By Jamie Harris
In order to obtain confirmation of a Chapter 11 plan of reorganization, a plan proponent must demonstrate by a preponderance of the evidence that confirmation of the debtor’s plan is not likely to be followed by the liquidation, or the need for further financial reorganization, of the debtor or any successor to the debtor under the plan, unless such liquidation or reorganization is proposed in the plan. See 11 U.S.C. § 1129(a)(11). This requirement is commonly referred to as the “feasibility” requirement. Feasibility is fundamentally a factual question since it necessarily depends upon a determination of the “reasonable probability of payment.” In re Howard, 212 B.R. 864, 878 (Bankr. E.D. Tenn. 1997) (citing In re Foertsch, 167 B.R. 555, 566 (Bankr. D. N.D. 1994)). In order to be feasible pursuant to § 1129(a)(11), “[t]he plan does not need to guarantee success, but it must present reasonable assurance of success.” In re Made in Detroit, Inc., 299 B.R. 170, 176 (Bankr. E.D. Mich. 2003) (citing Kane v. Johns–Manville Corp., 843 F.2d 636, 649 (2nd Cir. 1988)), aff’d, 414 F.3d 576 (6th Cir. 2005). Importantly, “[t]he Code does not require the debtor to prove that success is inevitable, and a relatively low threshold of proof will satisfy § 1129(a)(11) so long as adequate evidence supports a finding of feasibility.” 7 Collier on Bankruptcy ¶ 1129.03 (15th ed. rev.2006) (quoting Computer Task Group, Inc. v. Brotby (In re Brotby), 303 B.R. 177, 191 (9th Cir. BAP 2003)). See also In re Brice Road Developments, L.L.C. 392 B.R. 274, 283 (6th Cir.BAP (Ohio) 2008).

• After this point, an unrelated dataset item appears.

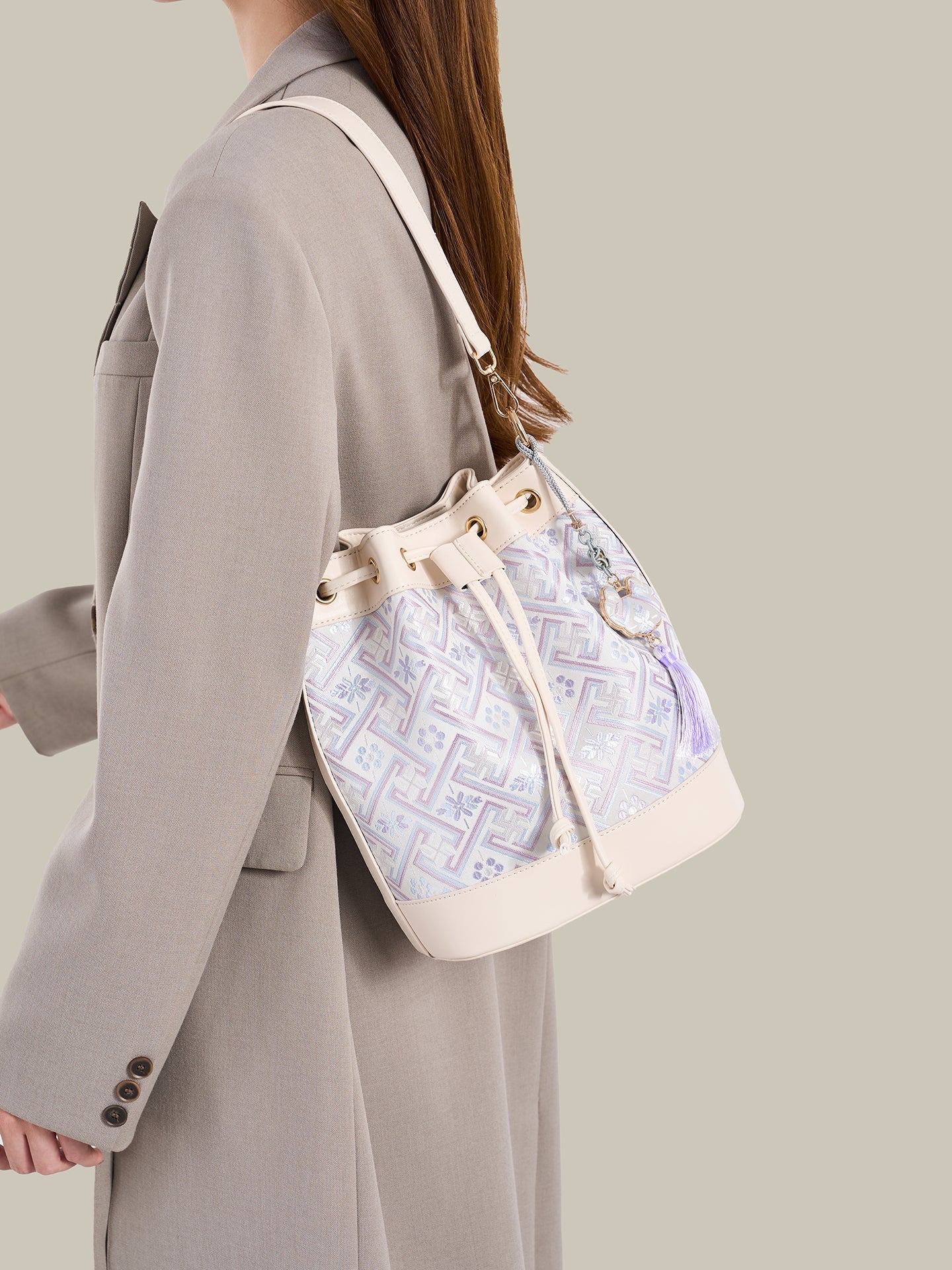 Bolsa Bucket Brocado Oriental com Tassel - detalhe frontal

In determining if a plan is feasible, the “inquiry is peculiarly fact intensive and requires a case by case analysis, using as a backdrop the relatively low parameters articulated in the statute.” In re Eddington Thread Mfg. Co., 181 B.R.826, 833 (Bankr.E.D.Pa.1995). “A ‘relatively’ low threshold of proof’ will satisfy the feasibility requirement.” Mercury Capital, 354 B.R. at 9 (quoting Computer Task Grp., Inc. v. Brotby (In reBrotby), 303 B.R. 177, 191 (9th Cir. BAP 2003)). In order to establish feasibility, a plan proponent should include financial projections that are sound and reasonable and disclose any assumptions for the financial projections. A discussion of the debtor’s historic and current financial performance in bankruptcy will also support a finding of feasibility. If there are financing contingencies, attach evidence of financing approval; however, some courts have approved confirmation of plans where the terms of required financing were not yet finalized. See, e.g., In re Global Ocean Carriers Ltd., 251 B.R. 31, 46 (Bankr. D. Del. 2000) (rejecting position that plan was not feasible because there was no final documentation of the exit financing). While feasibility is generally considered to be proven by a relatively low threshold of proof, it is one of the most common creditor objections to Chapter 11 plan confirmation. As a result, a debtor should be prepared to present witness testimony or other evidence at a contested confirmation hearing in order to establish that its financial projections are sound and reasonable and that its plan presents a reasonable assurance of success.